- [EXERCISE DIRECTIONS]: From the line that holds "Photo of Bathroom in Fossil Creek" down to the last line of the listing below, transcribe exactly and only those lines. Leave pictures out.

- [DATA]:
+ + + + + + +

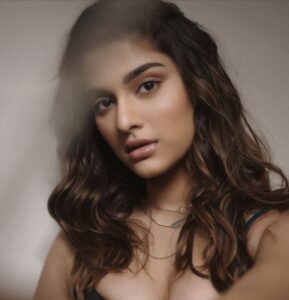 Saiee Manjrekar Instagram - Found this from one of my fav shoots with @tejaswighagada @gayetrichakravarthy @taniadhingra ✨💗
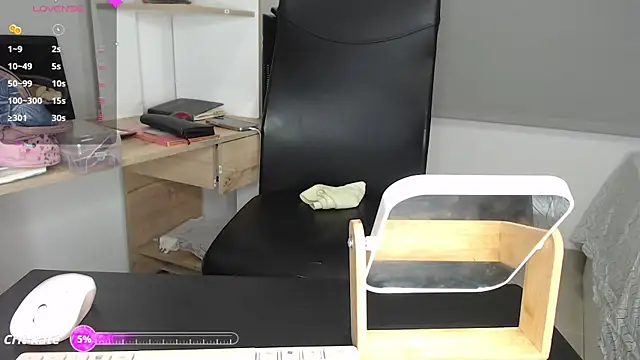 Snapshot of BriannaLorens chatting on 11/01/25, 02:08 BriannaLorens online show from 11/01/25, 02:08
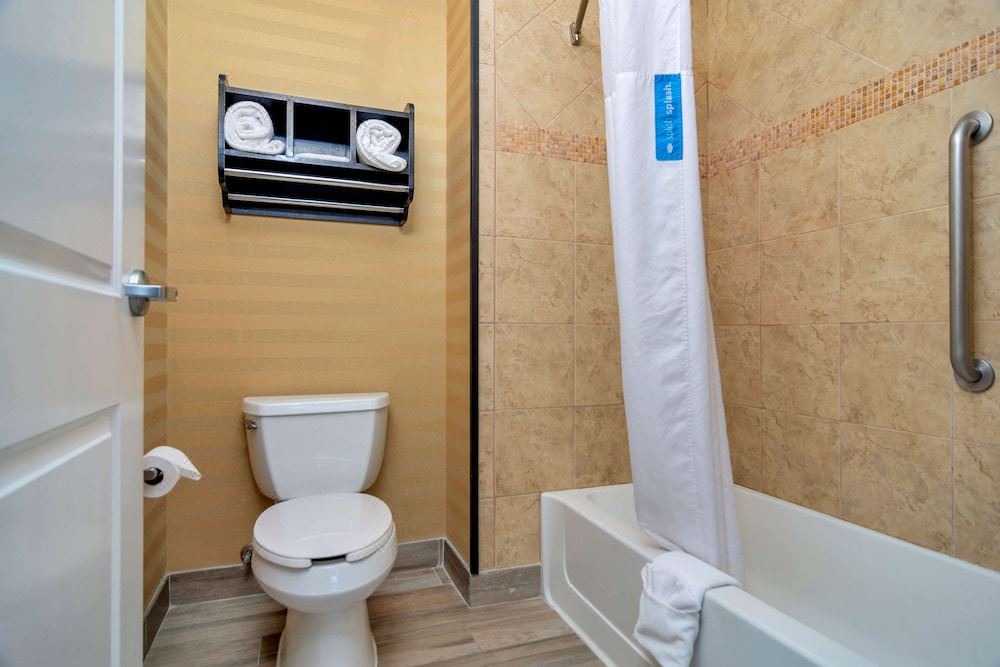 Photo of Bathroom in Fossil Creek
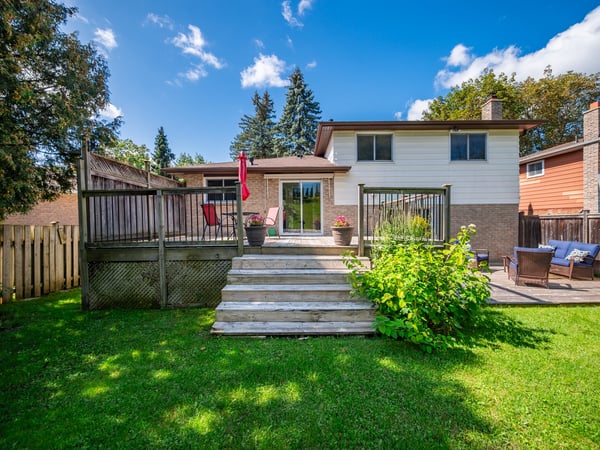 9 Birch Ct, Aurora, ON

+ + + + + + +

- [TASK SOLUTION]:
 Photo of Bathroom in Fossil Creek
 9 Birch Ct, Aurora, ON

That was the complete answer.